Across the developing world, some 700 million people have gained a household connection to drinking water since 1990 - and helped the world reach a crucial tipping point. Now for the first time, more than half the globe's people have drinking water piped into their homes, according to an August report from the World Health Organization (WHO) and UNICEF.
Such progress, along with the spread of sanitation systems, has reduced hygiene-related illnesses, pushed more students into schoolrooms, and begun to break the cycle of urban poverty by making water much less expensive.
Yet for millions of women like Iglesias, the most immediate and surprising benefit of the new water systems is the gift of time.
"When we ask women how water projects have changed their lives, their first answer is always, 'We have more time with our kids,' " says Marla Smith-Nilson, cofounder of WaterPartners International, which has projects in Central America, Africa, and Asia. "We're focused on sanitation and health, but we're always hearing stories of how lifestyle has improved."

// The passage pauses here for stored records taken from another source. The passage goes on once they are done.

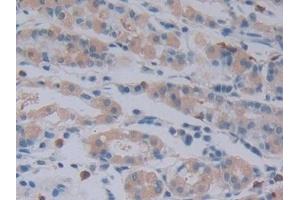 Detection of ChAT in Human Stomach Tissue using Polyclonal Antibody to Choline Acetyltransferase (ChAT)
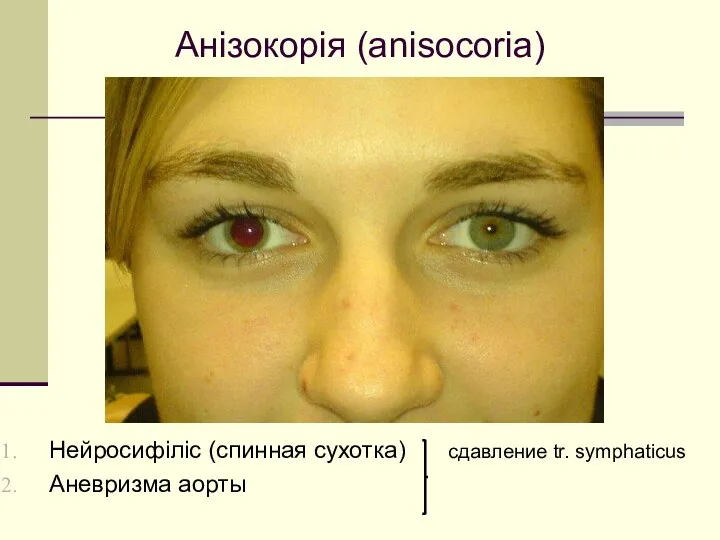 Анізокорія (anisocoria) Нейросифіліс (спинная сухотка) сдавление tr. symphaticus Аневризма аорты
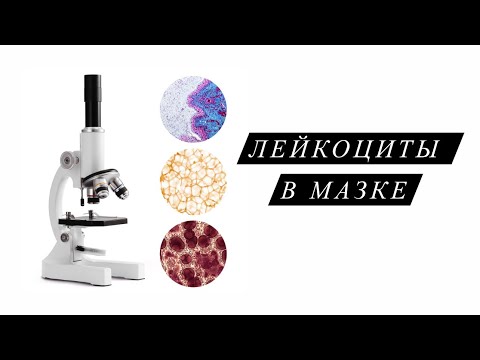 Видео: «Повышенные» лейкоциты в мазке.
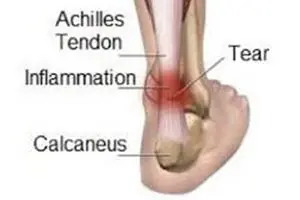 Diagram of the back of the ankle with the Achilles tendon, calcaneus, inflammation and a tear labelled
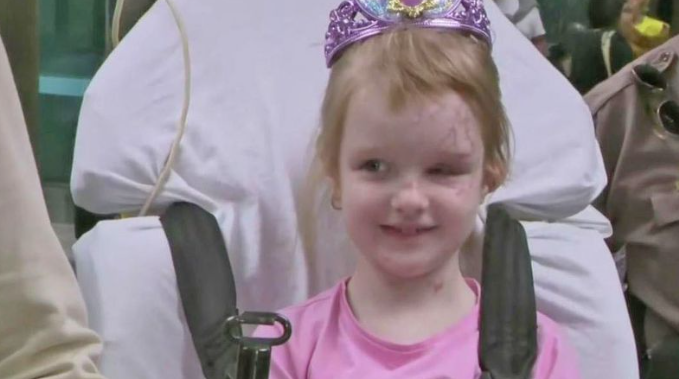 Girl, 6, being treated in South Florida following Ukrainian blast injuries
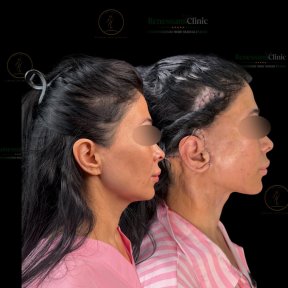 Facelift before and after results at Renaissance Clinic, visible facial contour improvement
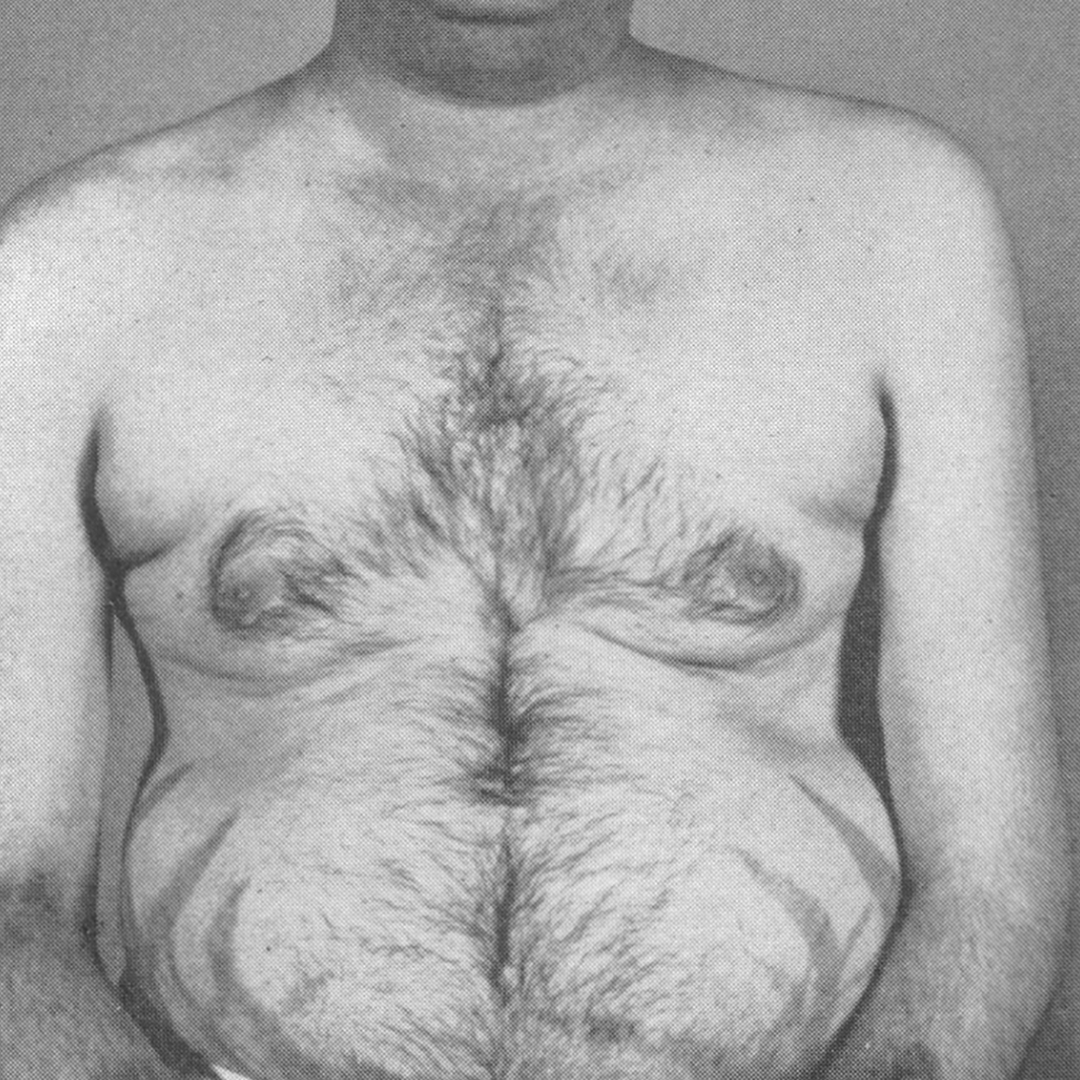 NEJM's tweet photo. From the NEJM Archive: Cushing's Syndrome Due to an ACTH-Secreting Chromophobe Adenoma — Report of a Case Treated by Hypophysectomy (Original Article, October 4, 1962) https://t.co/2TkAf4mJ4w https://t.co/V12LJQVdzH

In rural regions of developing nations, the task of collecting water falls almost entirely to women. In Honduran mountains and the African countryside alike, women normally get the job of hiking to the nearest water source, washing whatever needs washing there, and returning, often under the weight of wet laundry, clean dishes, and full canisters. In Tanzania, to walk four to six miles each way is not uncommon, while in Ethiopia a 10-mile trek can easily consume six hours per day.
Yet where even the most rudimentary of water projects have come on line, rural women are finding themselves blessed with time they need to become not only better mothers and homemakers but also economic contributors.
For instance, Tanzanians are building new schools in just five months in watered districts, where women have time to swing hammers. Equivalent projects drag on for eight months or more in areas where women spend their days fetching water, according to the Tanzanian Embassy in the United States. What's more, children who don't need to haul water are more apt to go to school and break a cycle of poverty, says Ms. Smith-Nilson.
Experts say improved sanitation can have a similar effect.
"If girls don't have access to a private toilet, they're not going to go to school," says Tessa Wardlaw, data analyst for the WHO/UNICEF report. "The fact that half the world has no access to improved sanitation [beyond some sort of waste pit] is inexcusable."